Goldman Sachs has reached an agreement with the US Department of Justice (DOJ) to pay more than US$2 billion for the bank's role in Malaysia's 1MDB scandal, according to reports.

The agreement, which may be announced on Thursday, will allow Goldman Sachs to avoid a US criminal conviction over the scandal, said Bloomberg, citing sources familiar with the matter.

Malaysia has dropped criminal charges against three Goldman Sachs units after the bank agreed to pay US$2.5 billion to settle the probe.

Goldman Sachs had generated about US$600 million in fees for its work with the Malaysian sovereign wealth fund, which included three bond offerings in 2012 and 2013 that raised US$6.5 billion.

According to The New York Times, Goldman Sachs will “admit mistakes” but will not itself have to enter a guilty plea to charges in the US as part of the deal with prosecutors.

The bank will also avoid the appointment of an outside monitor to review its compliance procedures.

In July, Goldman Sachs agreed to pay US$2.5 billion to Malaysia in return of the dropping of criminal charges against the bank’s top executives.

Goldman Sachs also pledged to cover any shortfall from the sale of US$1.4 billion in assets that have been seized by prosecutors in the US.

Lobbyist pleads guilty

Meanwhile, a former fundraiser for US President Donald Trump pleaded guilty earlier this week to a charge that he illegally lobbied Trump to drop an investigation into the 1MDB scandal.
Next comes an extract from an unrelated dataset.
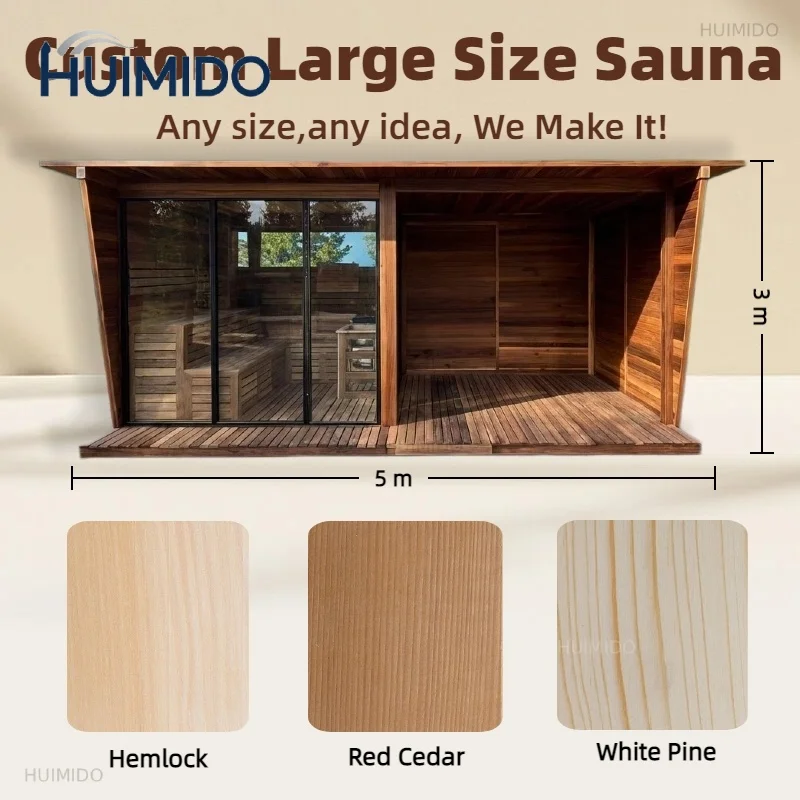 Custom Canadian Sequoia Traditional Sauna Wooden Room with Sauna Stove for Home Garden Healthy Leisure Outdoor Use, For Sale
Elliott Broidy, who held finance posts in Trump’s 2016 campaign and on his inaugural committee, was alleged to have received millions of dollars in payments from an unnamed foreign national to try to arrange the end to a US investigation.

The unnamed foreign national is believed to be Jho Low, an associate of former prime minister Najib Abdul Razak, who is currently facing multiple charges in Malaysia for his role in the scandal.

Najib was convicted in July and sentenced to up to 12 years in prison and fined RM210 million in a case involving SRC International, a former subsidiary of 1MDB. He is currently out on bail pending an appeal to his conviction and sentence.

Jho Low, who is wanted man in both Malaysia and US, is believed to be living in China.